In the listing below, write out exactly each line from the first through the one containing "Casa Dunasol *".

━━ Supplied entries

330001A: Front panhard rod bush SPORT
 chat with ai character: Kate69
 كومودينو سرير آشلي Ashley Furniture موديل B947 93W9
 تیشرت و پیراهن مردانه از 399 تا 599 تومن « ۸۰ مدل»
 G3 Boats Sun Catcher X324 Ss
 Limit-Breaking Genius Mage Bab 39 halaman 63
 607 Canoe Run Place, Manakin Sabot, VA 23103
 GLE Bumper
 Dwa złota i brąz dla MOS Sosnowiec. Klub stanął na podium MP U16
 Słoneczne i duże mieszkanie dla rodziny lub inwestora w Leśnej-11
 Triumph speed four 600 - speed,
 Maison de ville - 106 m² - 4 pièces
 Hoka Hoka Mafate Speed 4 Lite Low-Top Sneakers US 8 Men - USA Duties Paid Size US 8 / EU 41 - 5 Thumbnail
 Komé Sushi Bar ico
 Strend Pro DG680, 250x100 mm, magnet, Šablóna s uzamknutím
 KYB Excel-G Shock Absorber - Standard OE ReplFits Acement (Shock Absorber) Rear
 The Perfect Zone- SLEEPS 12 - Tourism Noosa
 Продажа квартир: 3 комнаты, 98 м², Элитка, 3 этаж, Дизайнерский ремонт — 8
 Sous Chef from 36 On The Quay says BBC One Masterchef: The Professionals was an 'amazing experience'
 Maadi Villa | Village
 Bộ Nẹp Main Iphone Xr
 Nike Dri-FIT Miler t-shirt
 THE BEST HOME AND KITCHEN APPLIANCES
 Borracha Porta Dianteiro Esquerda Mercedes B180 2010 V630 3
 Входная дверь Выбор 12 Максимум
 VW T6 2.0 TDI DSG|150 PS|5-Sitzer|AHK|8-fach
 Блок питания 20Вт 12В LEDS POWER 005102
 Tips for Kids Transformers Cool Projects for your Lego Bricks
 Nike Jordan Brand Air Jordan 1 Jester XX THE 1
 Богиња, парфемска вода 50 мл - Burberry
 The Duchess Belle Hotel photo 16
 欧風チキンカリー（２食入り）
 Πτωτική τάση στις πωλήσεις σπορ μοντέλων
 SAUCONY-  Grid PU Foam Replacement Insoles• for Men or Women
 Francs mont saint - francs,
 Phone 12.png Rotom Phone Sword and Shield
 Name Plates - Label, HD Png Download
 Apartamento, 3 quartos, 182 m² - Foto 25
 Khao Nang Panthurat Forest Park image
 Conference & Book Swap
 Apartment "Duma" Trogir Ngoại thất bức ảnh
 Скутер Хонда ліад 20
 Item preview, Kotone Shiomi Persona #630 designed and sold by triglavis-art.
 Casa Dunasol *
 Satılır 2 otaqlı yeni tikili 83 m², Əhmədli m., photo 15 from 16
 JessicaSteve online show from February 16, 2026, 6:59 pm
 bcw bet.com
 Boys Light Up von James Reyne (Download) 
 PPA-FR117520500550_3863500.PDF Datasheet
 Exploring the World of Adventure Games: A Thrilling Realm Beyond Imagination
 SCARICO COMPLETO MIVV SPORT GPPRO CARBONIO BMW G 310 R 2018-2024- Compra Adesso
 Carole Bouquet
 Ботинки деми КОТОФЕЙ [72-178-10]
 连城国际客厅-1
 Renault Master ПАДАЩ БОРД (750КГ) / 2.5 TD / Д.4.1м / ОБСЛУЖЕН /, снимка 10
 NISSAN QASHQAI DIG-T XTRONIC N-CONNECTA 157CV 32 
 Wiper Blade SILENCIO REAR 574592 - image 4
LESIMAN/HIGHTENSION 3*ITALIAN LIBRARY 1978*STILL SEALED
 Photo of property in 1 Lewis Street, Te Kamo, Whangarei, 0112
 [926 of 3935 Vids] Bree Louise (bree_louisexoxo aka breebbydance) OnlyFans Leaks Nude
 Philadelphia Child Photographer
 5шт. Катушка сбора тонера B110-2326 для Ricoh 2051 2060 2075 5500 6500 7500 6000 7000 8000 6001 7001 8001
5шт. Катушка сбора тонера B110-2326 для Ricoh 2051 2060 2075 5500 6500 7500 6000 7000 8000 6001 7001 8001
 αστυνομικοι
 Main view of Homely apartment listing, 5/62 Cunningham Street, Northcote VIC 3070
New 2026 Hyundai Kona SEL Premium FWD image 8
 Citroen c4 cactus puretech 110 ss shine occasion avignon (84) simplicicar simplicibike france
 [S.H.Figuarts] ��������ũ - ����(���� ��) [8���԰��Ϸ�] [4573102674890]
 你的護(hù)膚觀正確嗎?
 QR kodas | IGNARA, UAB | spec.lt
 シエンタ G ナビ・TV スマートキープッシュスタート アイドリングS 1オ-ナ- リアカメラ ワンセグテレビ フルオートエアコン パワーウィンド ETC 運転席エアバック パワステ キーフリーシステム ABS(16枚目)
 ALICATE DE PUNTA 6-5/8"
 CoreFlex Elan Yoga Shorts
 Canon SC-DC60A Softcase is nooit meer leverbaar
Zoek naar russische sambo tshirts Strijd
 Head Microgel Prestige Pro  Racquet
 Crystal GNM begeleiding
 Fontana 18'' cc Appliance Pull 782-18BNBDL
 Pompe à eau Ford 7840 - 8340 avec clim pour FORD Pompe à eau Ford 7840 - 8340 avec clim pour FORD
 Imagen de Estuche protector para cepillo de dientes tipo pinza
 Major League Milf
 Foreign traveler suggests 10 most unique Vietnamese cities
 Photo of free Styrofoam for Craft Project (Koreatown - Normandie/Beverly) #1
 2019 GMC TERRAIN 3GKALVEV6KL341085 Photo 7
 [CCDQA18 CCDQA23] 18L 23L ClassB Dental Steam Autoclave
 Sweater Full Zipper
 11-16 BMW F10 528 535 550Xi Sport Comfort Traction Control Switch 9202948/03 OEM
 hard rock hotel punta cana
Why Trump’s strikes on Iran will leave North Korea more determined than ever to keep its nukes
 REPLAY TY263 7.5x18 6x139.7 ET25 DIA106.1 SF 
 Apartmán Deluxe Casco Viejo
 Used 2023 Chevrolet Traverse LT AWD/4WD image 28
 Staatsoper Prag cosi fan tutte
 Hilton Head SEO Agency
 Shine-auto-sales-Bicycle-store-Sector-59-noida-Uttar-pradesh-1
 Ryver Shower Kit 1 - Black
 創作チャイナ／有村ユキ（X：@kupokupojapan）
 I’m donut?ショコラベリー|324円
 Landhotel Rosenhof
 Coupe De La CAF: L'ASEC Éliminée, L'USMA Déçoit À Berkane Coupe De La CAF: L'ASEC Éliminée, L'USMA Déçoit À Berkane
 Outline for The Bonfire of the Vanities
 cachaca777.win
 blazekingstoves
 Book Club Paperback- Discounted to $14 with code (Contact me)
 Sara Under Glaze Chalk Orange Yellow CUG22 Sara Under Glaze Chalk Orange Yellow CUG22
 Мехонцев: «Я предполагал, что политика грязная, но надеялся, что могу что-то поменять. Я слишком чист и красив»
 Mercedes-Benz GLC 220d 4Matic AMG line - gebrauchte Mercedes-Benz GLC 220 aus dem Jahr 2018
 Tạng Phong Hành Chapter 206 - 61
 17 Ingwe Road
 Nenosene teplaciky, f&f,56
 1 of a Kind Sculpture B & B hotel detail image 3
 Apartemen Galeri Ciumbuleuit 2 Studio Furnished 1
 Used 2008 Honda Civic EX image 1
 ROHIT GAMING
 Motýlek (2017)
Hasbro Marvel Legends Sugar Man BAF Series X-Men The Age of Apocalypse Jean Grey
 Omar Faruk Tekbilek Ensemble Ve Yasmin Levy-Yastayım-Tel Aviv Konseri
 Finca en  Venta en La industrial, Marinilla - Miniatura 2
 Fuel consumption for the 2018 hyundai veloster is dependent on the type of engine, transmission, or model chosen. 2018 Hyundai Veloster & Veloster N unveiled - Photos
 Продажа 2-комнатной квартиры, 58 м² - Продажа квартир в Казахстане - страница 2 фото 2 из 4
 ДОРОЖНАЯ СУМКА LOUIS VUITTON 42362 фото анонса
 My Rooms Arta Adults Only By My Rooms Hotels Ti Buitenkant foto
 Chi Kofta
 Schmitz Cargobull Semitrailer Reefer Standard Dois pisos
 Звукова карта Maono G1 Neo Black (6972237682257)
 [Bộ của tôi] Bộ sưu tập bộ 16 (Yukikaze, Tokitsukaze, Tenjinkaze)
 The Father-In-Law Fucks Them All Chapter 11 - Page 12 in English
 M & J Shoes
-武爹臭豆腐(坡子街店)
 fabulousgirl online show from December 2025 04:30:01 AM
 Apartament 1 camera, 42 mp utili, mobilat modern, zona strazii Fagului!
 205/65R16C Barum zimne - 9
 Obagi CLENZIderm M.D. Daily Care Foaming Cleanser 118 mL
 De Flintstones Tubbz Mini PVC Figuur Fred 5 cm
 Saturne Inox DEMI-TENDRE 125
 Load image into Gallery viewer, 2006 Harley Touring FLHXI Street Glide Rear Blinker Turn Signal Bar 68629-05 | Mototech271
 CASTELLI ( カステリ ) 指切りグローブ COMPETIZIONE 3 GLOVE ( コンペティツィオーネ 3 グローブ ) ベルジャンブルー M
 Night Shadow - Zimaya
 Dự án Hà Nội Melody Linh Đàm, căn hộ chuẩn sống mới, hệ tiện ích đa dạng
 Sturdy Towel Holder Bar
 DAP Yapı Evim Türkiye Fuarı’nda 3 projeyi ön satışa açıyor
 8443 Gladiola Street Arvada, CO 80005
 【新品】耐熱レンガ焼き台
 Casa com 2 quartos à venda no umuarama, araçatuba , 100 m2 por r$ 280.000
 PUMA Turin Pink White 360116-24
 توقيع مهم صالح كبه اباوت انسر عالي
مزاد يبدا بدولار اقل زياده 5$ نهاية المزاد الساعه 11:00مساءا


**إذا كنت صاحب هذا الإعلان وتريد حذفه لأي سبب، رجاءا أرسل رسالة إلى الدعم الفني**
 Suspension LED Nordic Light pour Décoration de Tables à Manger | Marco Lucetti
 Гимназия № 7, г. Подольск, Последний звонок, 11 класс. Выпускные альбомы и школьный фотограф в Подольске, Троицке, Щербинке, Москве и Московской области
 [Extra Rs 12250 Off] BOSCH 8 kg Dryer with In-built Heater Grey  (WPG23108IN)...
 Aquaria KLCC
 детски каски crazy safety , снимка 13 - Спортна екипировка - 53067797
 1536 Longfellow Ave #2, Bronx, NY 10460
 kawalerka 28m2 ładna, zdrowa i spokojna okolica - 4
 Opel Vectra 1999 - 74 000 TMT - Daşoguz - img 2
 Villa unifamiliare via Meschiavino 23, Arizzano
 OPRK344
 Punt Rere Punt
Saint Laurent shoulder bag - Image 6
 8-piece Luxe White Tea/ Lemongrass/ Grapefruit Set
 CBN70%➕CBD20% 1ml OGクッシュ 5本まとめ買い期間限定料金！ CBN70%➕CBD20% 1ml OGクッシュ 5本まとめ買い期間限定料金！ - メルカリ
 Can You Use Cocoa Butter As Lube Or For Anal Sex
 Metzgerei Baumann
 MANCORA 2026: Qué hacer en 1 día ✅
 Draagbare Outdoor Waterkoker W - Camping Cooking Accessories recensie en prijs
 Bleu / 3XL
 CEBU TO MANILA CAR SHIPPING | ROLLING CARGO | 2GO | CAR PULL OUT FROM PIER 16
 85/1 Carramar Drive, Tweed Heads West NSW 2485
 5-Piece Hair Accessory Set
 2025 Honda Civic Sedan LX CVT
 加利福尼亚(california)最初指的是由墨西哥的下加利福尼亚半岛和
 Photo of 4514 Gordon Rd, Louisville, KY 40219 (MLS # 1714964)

━━━━

- _Solution_:
330001A: Front panhard rod bush SPORT
 chat with ai character: Kate69
 كومودينو سرير آشلي Ashley Furniture موديل B947 93W9
 تیشرت و پیراهن مردانه از 399 تا 599 تومن « ۸۰ مدل»
 G3 Boats Sun Catcher X324 Ss
 Limit-Breaking Genius Mage Bab 39 halaman 63
 607 Canoe Run Place, Manakin Sabot, VA 23103
 GLE Bumper
 Dwa złota i brąz dla MOS Sosnowiec. Klub stanął na podium MP U16
 Słoneczne i duże mieszkanie dla rodziny lub inwestora w Leśnej-11
 Triumph speed four 600 - speed,
 Maison de ville - 106 m² - 4 pièces
 Hoka Hoka Mafate Speed 4 Lite Low-Top Sneakers US 8 Men - USA Duties Paid Size US 8 / EU 41 - 5 Thumbnail
 Komé Sushi Bar ico
 Strend Pro DG680, 250x100 mm, magnet, Šablóna s uzamknutím
 KYB Excel-G Shock Absorber - Standard OE ReplFits Acement (Shock Absorber) Rear
 The Perfect Zone- SLEEPS 12 - Tourism Noosa
 Продажа квартир: 3 комнаты, 98 м², Элитка, 3 этаж, Дизайнерский ремонт — 8
 Sous Chef from 36 On The Quay says BBC One Masterchef: The Professionals was an 'amazing experience'
 Maadi Villa | Village
 Bộ Nẹp Main Iphone Xr
 Nike Dri-FIT Miler t-shirt
 THE BEST HOME AND KITCHEN APPLIANCES
 Borracha Porta Dianteiro Esquerda Mercedes B180 2010 V630 3
 Входная дверь Выбор 12 Максимум
 VW T6 2.0 TDI DSG|150 PS|5-Sitzer|AHK|8-fach
 Блок питания 20Вт 12В LEDS POWER 005102
 Tips for Kids Transformers Cool Projects for your Lego Bricks
 Nike Jordan Brand Air Jordan 1 Jester XX THE 1
 Богиња, парфемска вода 50 мл - Burberry
 The Duchess Belle Hotel photo 16
 欧風チキンカリー（２食入り）
 Πτωτική τάση στις πωλήσεις σπορ μοντέλων
 SAUCONY-  Grid PU Foam Replacement Insoles• for Men or Women
 Francs mont saint - francs,
 Phone 12.png Rotom Phone Sword and Shield
 Name Plates - Label, HD Png Download
 Apartamento, 3 quartos, 182 m² - Foto 25
 Khao Nang Panthurat Forest Park image
 Conference & Book Swap
 Apartment "Duma" Trogir Ngoại thất bức ảnh
 Скутер Хонда ліад 20
 Item preview, Kotone Shiomi Persona #630 designed and sold by triglavis-art.
 Casa Dunasol *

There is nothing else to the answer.